Because Hillsborough was employed as a city gardner, Mayor George Moscone followed longstanding practice and ordered flags at City Hall and other city properties to be lowered to half-stalf. He also directed his anger to Anita Bryand and California State Sen. John Briggs, who was running for governor and an anti-gay platform. Anita Bryant’s anti-gay campaign in Miami, which resulted in the defeat of a gay rights ordinance three weeks earlier (See Jun 7), had inspired Briggs to hold a new conference in front of city hall the week before Hillsborough’s death to announce a campaign to remove gays and lesbians from teaching. Moscone called Briggs an anti-homosexual “demagogue” and held him responsible for “inciting trouble by walking right into San Francisco, knowing the emotional state of his community. He stirred people into action. He will have to live with his conscience.”
Hillsborough’s death also struck a deep nerve in the gay community. “We live in a paranoid state,” said Harvey Milk, who was preparing his run for the San Francisco Board of Supervisors, “and the death of Robert is only the culmination of a lot of violence that’s been directed at us.” San Francisco’s Pride celebration, which took place just a few days later, attracted a record-breaking 300,000 people, and it became an impromptu memorial march as participants erected a makeshift shrine at City Hall.
Cordova was charged with a single count of murder, along with Thomas J. Spooner, 21. The other two passengers in the car were not charged. Charges were later dropped against Spooner. Cordova was convicted of second degree murder and sentenced to 10 years in prison.
► Jimmy Somerville: 1961. The Scottish pop singer had his moment in the sun in the 1980s as lead singer with the synth pop group Bronski Beat. Those of us of a certain age might remember “Smalltown Boy,” which dealt with homophobia, family rejection, bullying and the loneliness that comes with growing up in a homophobic society. That song became a gay anthem in 1984 and peaked in the top five throughout much of Western Europe, and hit number one on the U.S. dance charts. In 1985, Somerville left Bronski Beat and formed the Communards, which scored a dance hit with a cover of “Don’t Leave Me This Way.” After the Communards split in 1988, he embarked on an off-again on-again solo career.

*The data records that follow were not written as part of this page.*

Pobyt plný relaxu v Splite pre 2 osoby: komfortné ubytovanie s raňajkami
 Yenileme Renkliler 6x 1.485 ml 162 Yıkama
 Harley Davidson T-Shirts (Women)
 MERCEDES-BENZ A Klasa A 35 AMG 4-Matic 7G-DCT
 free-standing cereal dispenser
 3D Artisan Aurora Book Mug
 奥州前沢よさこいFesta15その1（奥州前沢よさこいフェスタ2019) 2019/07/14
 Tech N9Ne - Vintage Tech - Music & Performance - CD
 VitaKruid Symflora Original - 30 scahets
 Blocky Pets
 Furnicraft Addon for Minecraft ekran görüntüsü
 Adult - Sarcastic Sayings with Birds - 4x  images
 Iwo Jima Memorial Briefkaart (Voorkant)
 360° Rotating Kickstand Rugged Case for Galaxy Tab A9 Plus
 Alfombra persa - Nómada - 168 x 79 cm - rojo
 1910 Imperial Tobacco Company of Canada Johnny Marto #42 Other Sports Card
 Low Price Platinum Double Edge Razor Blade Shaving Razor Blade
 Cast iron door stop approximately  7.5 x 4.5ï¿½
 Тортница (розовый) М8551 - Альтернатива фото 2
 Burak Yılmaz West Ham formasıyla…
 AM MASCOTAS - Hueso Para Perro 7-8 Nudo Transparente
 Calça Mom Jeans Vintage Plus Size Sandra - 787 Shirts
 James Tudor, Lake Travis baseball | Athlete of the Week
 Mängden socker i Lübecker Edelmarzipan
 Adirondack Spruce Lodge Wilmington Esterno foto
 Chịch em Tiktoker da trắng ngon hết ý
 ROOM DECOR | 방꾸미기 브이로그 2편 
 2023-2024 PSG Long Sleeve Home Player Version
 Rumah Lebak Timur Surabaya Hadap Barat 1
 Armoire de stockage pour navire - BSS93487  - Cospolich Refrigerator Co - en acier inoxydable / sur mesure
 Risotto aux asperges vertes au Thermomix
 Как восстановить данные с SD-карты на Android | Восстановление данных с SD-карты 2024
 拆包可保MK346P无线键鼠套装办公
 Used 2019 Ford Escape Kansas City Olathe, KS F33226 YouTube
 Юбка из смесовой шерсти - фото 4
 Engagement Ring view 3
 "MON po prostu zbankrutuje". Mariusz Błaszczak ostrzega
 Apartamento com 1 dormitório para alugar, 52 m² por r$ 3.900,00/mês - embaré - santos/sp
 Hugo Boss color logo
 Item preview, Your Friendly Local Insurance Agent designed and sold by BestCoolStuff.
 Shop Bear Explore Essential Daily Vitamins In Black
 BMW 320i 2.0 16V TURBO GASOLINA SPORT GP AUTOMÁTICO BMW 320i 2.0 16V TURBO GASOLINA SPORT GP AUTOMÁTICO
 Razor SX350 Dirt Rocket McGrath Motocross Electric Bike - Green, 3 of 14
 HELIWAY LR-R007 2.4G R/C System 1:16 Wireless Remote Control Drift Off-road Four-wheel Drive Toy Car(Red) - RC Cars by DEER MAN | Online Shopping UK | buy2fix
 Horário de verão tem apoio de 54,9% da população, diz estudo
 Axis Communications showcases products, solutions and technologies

His 2009 album Suddenly Last Summer, contained acoustic versions of songs from his iPod. In 2011 Somerville released a dance EP, Bright Thing.
► 35 YEARS AGO: Jai Rodriguez: 1979. He was the “culture vulture” for Bravo’s Queer Eye for the Straight Guy. He’s has also done some acting and some singing. In 2002, he created his own musical cabaret show, titled “Monday Night Twisted Cabaret,” which ran at New York gay club xl for a year. In 2005, he created and performed his own one night stage show, “Jai Rodriguez: xPosed,” which told the story of Rodriguez’s life and struggle to come out to his religious family. In 2012, he was a regular in the short-lived ABC sitcom, Malibu Country, starring Reba McEntire.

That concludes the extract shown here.